Key Responsibilities
Key Responsibilities
- Design, implement, and manage scalable, secure, and highly available cloud infrastructure.
- Build and maintain CI/CD pipelines for application, infrastructure, container, and GenAI-enabled workloads.
- Automate infrastructure provisioning and configuration using Terraform, CloudFormation, CDK, Ansible, or equivalent tools.
- Deploy, manage, and optimize containerized workloads using Docker, Kubernetes, Amazon EKS, ECS, or equivalent platforms.
- Support integration of GenAI services such as Amazon Bedrock, SageMaker, model APIs, vector databases, prompt management, and AI application deployment workflows.
- Implement monitoring, logging, alerting, tracing, and observability using CloudWatch, Prometheus, Grafana, ELK, OpenTelemetry, or similar tools.
- Apply DevSecOps practices including IAM governance, secrets management, vulnerability scanning, policy enforcement, and secure deployment controls.
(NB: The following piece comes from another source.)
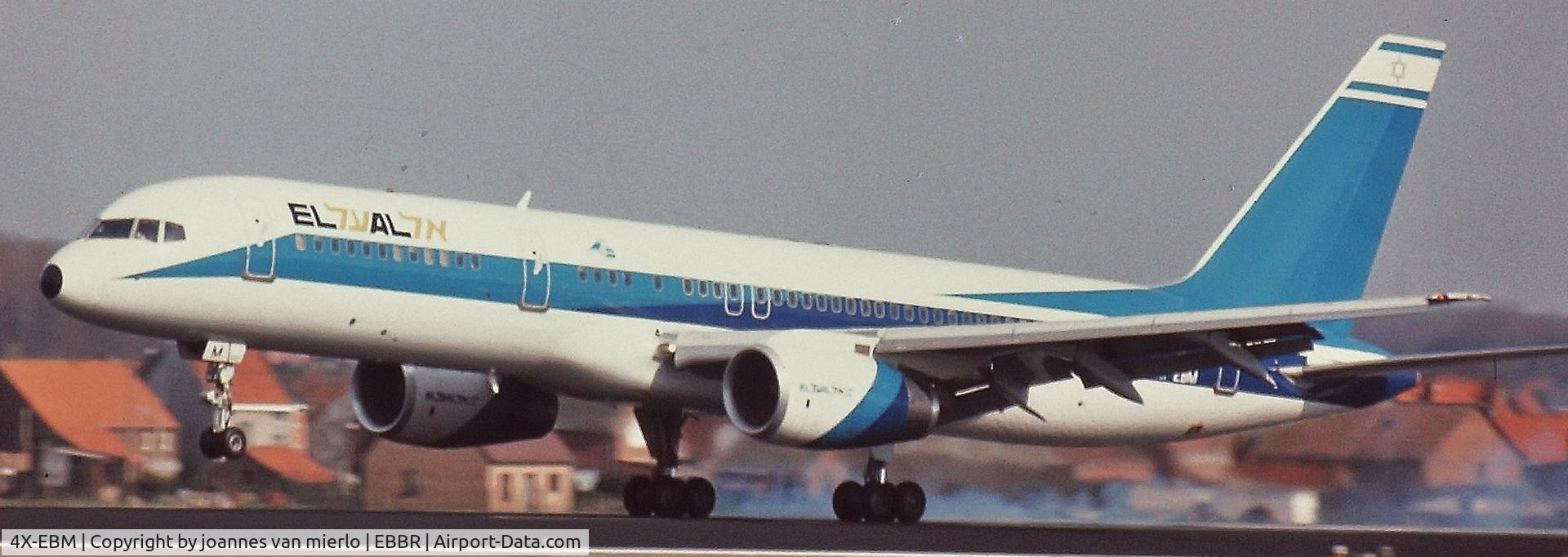 4X-EBM, 1987 Boeing 757-258 C/N 23918, Landing Brussels 25L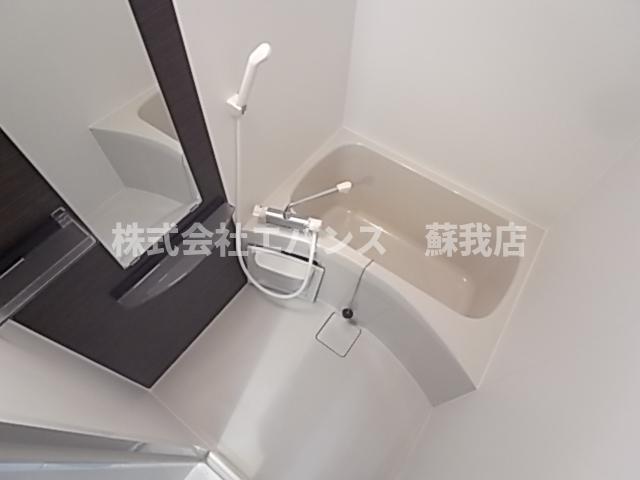 バス・シャワールーム　コンパクトで使いやすいお風呂です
- Manage cloud networking, load balancing, DNS, VPN, private connectivity, firewalls, and environment segregation across cloud platforms.
- Drive reliability, scalability, performance tuning, cost optimization, backup, disaster recovery, and production support activities.
- Collaborate with development, QA, security, architecture, and operations teams to improve release velocity and platform stability.
Skill Requirements
Mandatory Technical Skills
- Mandatory hands-on experience with AWS cloud services, including compute, storage, networking, security, monitoring, and deployment services.
- Strong experience in AWS services such as EC2, S3, VPC, IAM, Lambda, API Gateway, RDS, CloudWatch, CloudTrail, ECS, EKS, CodePipeline, CodeBuild, and CodeDeploy.
- Hands-on exposure to GenAI service integrations using Amazon Bedrock, SageMaker, model endpoints, APIs, embedding services, vector databases, and AI application deployment pipelines.
- Strong knowledge of CI/CD tools such as Jenkins, GitHub Actions, GitLab CI/CD, Azure DevOps, AWS CodePipeline, or similar platforms.
- Strong experience with Infrastructure as Code using Terraform, AWS CloudFormation, AWS CDK, Ansible, or equivalent automation frameworks.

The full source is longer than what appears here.